PETALING JAYA: Group counselling away from the school setting could be a solution for the current mass hysteria outbreak in some Kelantan schools.
This is according to the founder and executive director of the Academy of Socio-Economic Research and Analysis, Prof Datuk Dr Wazir Jahan Karim (pic).
“For me, group counselling by clinical psychologists or medical anthropologists will help those affected,” said Prof Wazir when contacted by The Star.
As an alternative, the sessions could also be conducted by an ustazah who has a good relationship with the students, said the medical anthropologist.
What was important, Prof Wazir said, was that such sessions should not be held in the students’ school as the environment itself might trigger hysteria.
She said this form of counselling had worked on a group of students in one religious school she was studying during the early 1990s.

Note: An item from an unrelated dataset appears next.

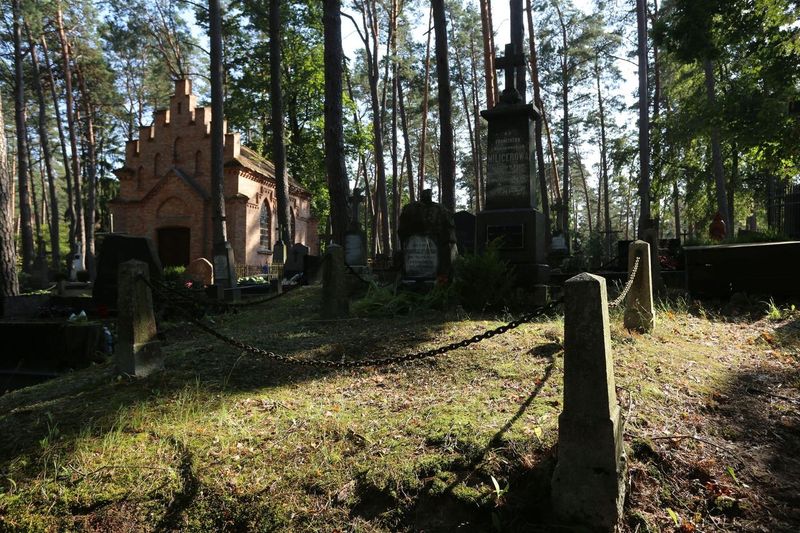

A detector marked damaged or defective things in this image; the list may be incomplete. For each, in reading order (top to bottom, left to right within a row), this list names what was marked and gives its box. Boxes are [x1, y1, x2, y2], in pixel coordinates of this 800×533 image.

rusty chain link [139, 272, 564, 368]
rusty chain link [608, 256, 640, 310]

Prof Wazir was commenting on the mass hysteria involving over 100 students and teachers in SMK Pengkalan Chepa 2 last week.
Prof Wazir said further investigations during her study revealed that the students – all girls – were finding it difficult to cope with their syllabus.
It was also found that female students were “also kept on a tighter leash” compared to their male counterparts.
She said under these circumstances, mass hysteria was a syndrome of acute fear when someone – usually female – started screaming because they believed they saw an apparition.
“When one starts screaming, the others in a similar state of fear start to scream along with her. And before you know it, the whole class is screaming,” she said, adding that the first person was usually the one who displayed the most violent behaviour.
These screaming bouts might also be accompanied by fainting spells or rolling on the floor, she added.
However, Prof Wazir said in all likelihood, these were genuine symptoms, rather than something that was put up as a show.
“None of it is fake,” she pointed out, though she found it unusual that in the case of the school in Kelantan, even some teachers succumbed to the breakout.
To this, Prof Wazir wondered whether the teachers were “quite young”, as the more experienced and mature teachers usually did not display such behaviour.
“You should investigate if the teachers are very young and have just been transferred there,” she said.
Prof Wazir’s study in the 1990s coincided with a time when mass hysteria was commonly seen among factory workers – the majority of them young Malay girls.
However, she said cases of mass hysteria was also rampant in countries such as Jordan and Turkey.